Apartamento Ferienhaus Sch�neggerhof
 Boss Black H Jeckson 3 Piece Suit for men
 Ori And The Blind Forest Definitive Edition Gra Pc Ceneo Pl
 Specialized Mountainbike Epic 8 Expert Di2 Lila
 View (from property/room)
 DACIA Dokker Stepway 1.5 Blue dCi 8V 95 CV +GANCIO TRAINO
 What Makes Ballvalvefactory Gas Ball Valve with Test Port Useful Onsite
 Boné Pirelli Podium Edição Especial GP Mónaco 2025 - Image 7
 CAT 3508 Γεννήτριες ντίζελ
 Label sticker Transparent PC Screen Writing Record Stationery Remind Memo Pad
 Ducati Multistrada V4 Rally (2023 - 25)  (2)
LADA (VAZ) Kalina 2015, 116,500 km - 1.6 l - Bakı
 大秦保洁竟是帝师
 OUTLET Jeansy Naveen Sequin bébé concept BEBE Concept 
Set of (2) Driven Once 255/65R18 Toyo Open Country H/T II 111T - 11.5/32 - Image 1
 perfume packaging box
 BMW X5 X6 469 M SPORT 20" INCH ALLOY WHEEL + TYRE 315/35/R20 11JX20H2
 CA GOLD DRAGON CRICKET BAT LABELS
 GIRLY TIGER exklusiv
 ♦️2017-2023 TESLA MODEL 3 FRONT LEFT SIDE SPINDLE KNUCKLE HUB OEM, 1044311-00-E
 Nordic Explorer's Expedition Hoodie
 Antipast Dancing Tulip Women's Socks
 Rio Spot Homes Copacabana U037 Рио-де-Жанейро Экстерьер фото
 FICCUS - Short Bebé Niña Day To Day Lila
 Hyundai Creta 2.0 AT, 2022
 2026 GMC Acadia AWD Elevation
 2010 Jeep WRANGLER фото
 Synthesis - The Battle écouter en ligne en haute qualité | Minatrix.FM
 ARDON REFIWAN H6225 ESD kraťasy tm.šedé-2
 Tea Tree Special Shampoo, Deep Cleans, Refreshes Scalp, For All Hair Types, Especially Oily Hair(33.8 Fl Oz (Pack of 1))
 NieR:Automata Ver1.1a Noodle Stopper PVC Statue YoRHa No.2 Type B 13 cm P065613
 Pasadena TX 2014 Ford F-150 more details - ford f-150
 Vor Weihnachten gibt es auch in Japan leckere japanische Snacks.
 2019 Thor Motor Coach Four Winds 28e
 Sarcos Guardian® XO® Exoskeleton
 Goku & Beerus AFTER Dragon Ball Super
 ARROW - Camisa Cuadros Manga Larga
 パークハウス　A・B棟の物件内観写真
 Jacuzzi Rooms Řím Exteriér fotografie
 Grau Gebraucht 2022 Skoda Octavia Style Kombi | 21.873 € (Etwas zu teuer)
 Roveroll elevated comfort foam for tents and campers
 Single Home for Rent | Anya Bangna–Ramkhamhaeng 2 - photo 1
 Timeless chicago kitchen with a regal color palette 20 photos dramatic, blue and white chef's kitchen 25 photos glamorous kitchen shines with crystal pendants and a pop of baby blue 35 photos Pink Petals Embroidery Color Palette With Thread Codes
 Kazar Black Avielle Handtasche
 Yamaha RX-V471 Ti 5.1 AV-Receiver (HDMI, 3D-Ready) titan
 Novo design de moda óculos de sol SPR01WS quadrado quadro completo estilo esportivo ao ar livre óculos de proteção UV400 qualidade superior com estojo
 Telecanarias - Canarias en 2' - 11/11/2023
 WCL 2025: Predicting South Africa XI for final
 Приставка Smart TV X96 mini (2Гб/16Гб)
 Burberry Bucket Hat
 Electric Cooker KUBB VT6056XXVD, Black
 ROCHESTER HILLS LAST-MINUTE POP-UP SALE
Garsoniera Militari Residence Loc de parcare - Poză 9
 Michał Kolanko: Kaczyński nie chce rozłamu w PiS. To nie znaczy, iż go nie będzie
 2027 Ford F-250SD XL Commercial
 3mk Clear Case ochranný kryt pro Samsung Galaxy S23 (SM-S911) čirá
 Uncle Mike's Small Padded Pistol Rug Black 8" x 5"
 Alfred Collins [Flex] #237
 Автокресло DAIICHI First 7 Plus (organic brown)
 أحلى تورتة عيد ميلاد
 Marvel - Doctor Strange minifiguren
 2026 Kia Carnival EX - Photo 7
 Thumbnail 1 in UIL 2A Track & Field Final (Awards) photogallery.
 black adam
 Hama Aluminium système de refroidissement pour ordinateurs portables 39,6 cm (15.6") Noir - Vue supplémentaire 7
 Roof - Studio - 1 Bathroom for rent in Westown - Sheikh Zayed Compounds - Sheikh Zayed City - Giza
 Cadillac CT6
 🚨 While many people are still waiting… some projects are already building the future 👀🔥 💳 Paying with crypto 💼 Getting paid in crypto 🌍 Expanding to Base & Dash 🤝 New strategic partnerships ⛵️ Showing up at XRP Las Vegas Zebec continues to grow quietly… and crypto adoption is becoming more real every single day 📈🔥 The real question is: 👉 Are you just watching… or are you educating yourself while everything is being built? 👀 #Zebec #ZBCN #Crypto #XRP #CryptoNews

○ ○ ○ ○ ○ ○ ○

• ACTIVITY
Search the listing above for the lines with "Ducati Multistrada V4" and "Set of (2) Driven", then output those lines and all lines between them exactly.

• RESPONSE TO THE EXERCISE
 Ducati Multistrada V4 Rally (2023 - 25)  (2)
LADA (VAZ) Kalina 2015, 116,500 km - 1.6 l - Bakı
 大秦保洁竟是帝师
 OUTLET Jeansy Naveen Sequin bébé concept BEBE Concept 
Set of (2) Driven Once 255/65R18 Toyo Open Country H/T II 111T - 11.5/32 - Image 1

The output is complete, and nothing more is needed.